Personal scandals by Bill Clinton, Ted Kennedy, and Barney Frank are just fine with the liberal media, who endorsed them for election and re-election. But woe to any conservative candidate, such as Roy Moore, who might have an imperfection in his distant past. Somehow that renders him unfit for elective office in D.C., according to the same people who supported Bill Clinton throughout the scandal concerning his conduct with Monica Lewinsky in the White House.
This perpetual double standard in American politics needs to stop if we are going to make America great again.
Marrying later in life has become the norm today, but for most of American history it was considered normal and even desirable for a young woman to marry, or at least become engaged, in her teenage years. Only in the last two decades has the median age of first marriage risen to 27 for females and 29 for males.
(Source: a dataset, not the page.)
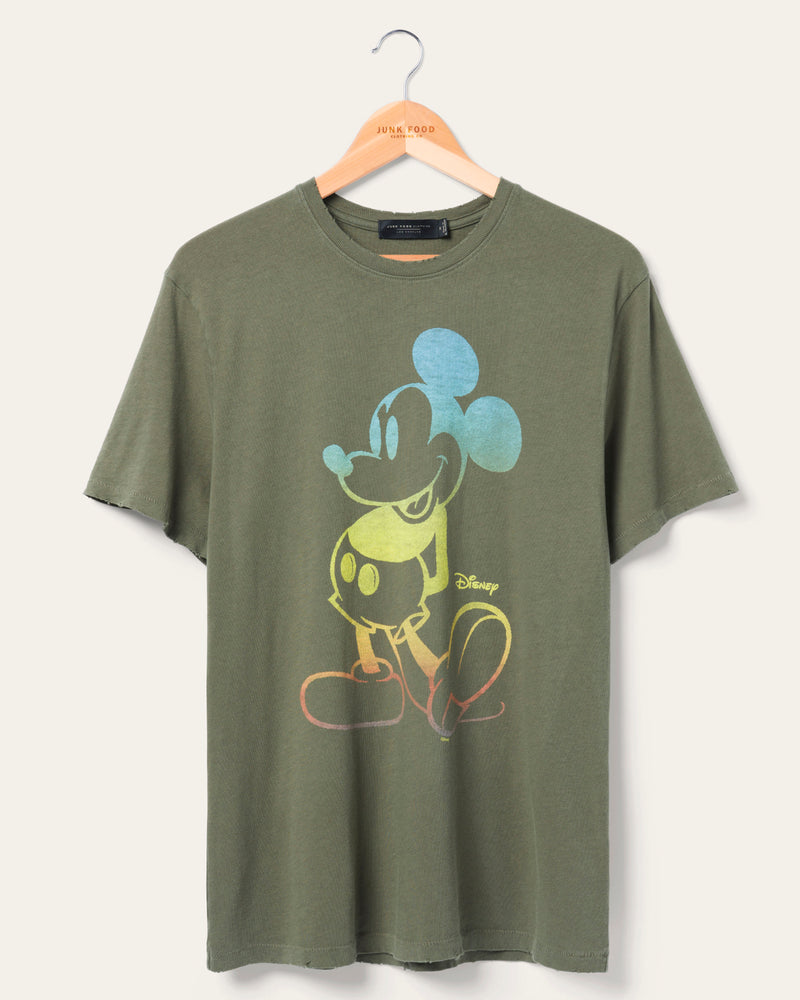 Mickey Rainbows Vintage Tee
In 1977, the year Roy Moore supposedly flirted with a teenage waitress at the Olde Hickory House in Gadsden, Alabama, half of all young women in America were married by the age of 21. By her own account, as she read her tearful statement under the watchful eye of Gloria Allred, the now 56-year-old woman refused Roy Moore’s advances because she already had a boyfriend, thereby conceding that she wasn’t too young to have one.
In that same year of 1977, a prominent feminist lawyer named Ruth Bader Ginsburg wrote that the “age of consent” for sexual acts should be lowered to the age of 12. In her book entitled “Sex Bias in the U.S. Code,” the future Supreme Court Justice also called for repealing laws against statutory rape, bigamy, prostitution, and sex trafficking because they perpetuate a stereotype that such laws are needed to “protect weak women from bad men.”
Ginsburg has never disavowed her radical writings, so it is particularly hypocritical for feminists to criticize Roy Moore’s alleged dating of teenage girls as though there was anything improper about it. As usual the feminists want to have it both ways.